__LISTED ENTRIES__.
# # # #

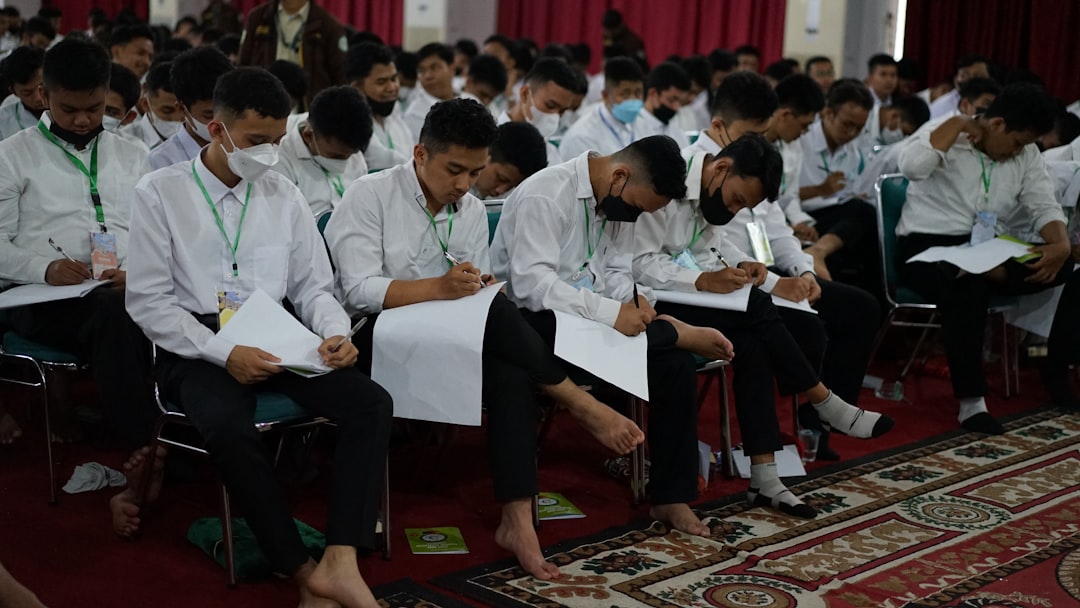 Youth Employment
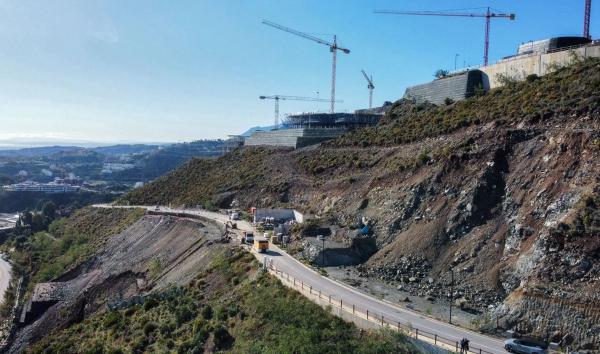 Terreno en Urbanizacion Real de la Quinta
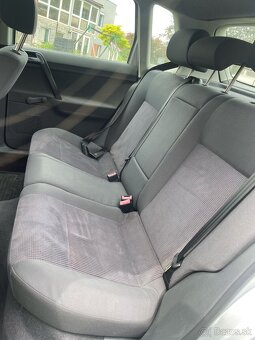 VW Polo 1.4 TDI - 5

# # # #

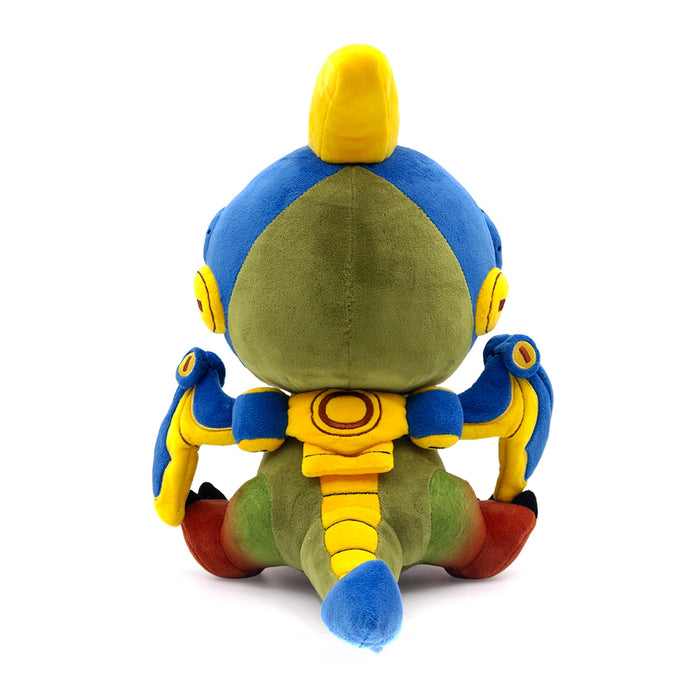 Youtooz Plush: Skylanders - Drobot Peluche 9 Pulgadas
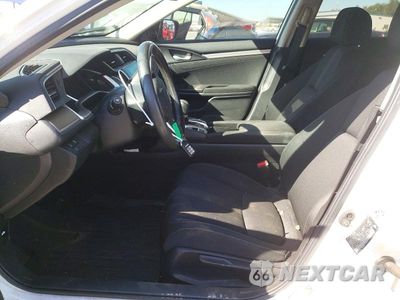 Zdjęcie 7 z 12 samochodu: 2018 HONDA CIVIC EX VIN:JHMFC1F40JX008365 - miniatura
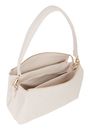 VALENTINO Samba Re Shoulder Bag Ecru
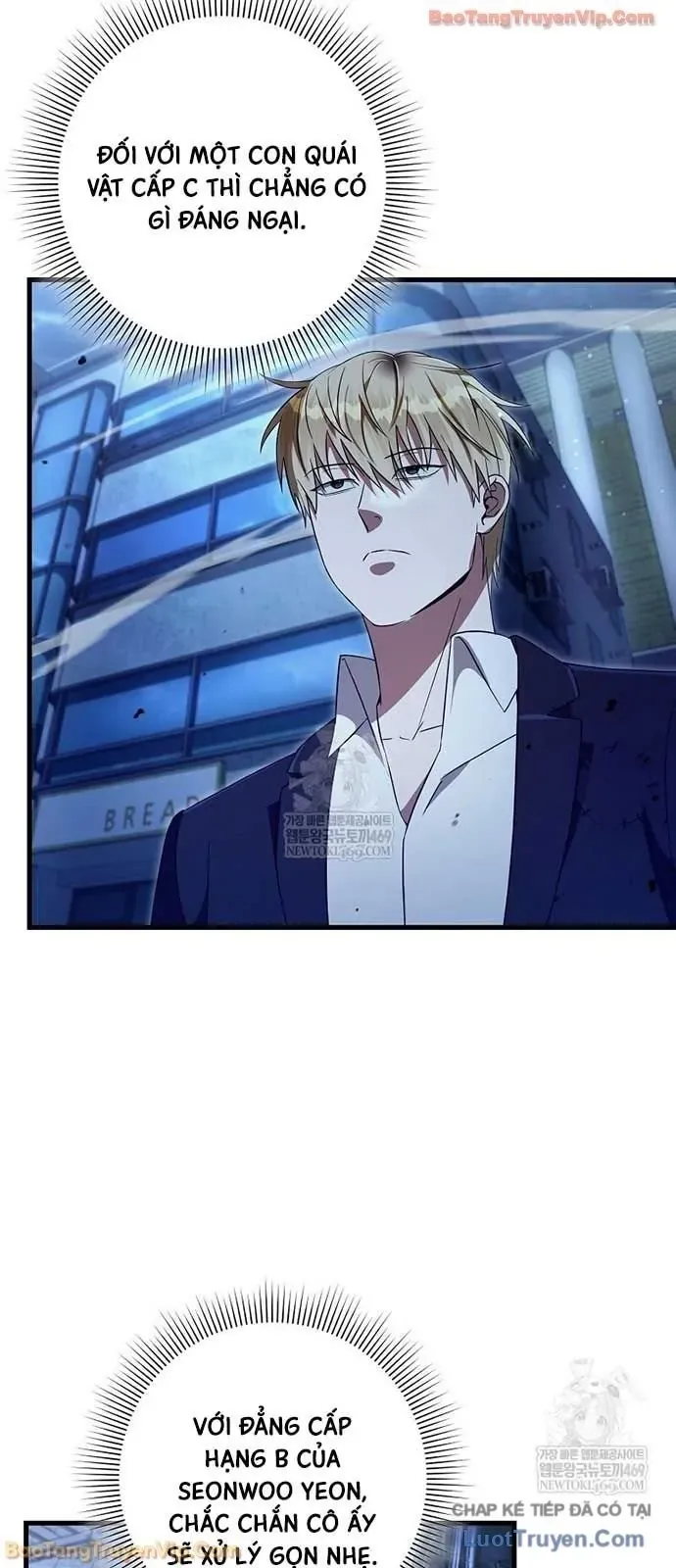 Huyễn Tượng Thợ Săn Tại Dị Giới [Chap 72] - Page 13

# # # #

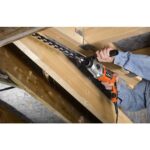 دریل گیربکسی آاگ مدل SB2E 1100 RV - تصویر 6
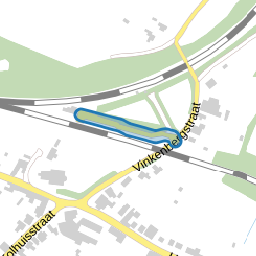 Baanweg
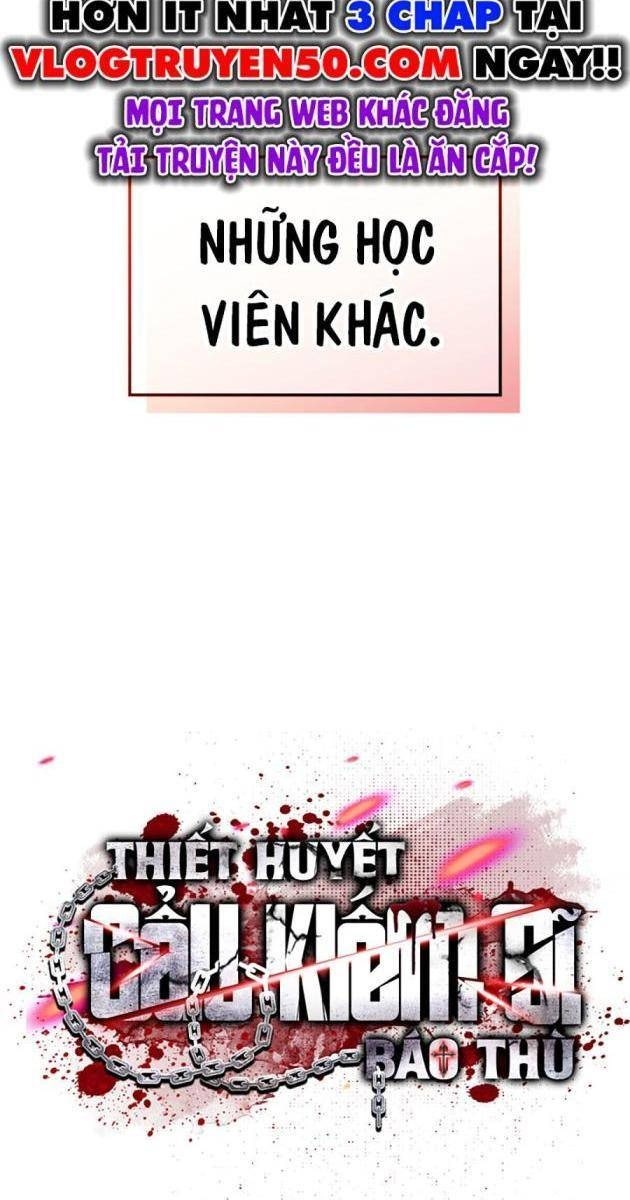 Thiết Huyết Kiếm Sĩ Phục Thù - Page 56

# # # #

__INSTRUCTIONS FOR THE TASK__. Beginning with the line above that has "Youth Employment" and going on through the line that has "VW Polo 1.4 TDI - 5", retype every line exactly and add nothing else; drop the pictures.

__EXERCISE RESPONSE__.
 Youth Employment
 Terreno en Urbanizacion Real de la Quinta
 VW Polo 1.4 TDI - 5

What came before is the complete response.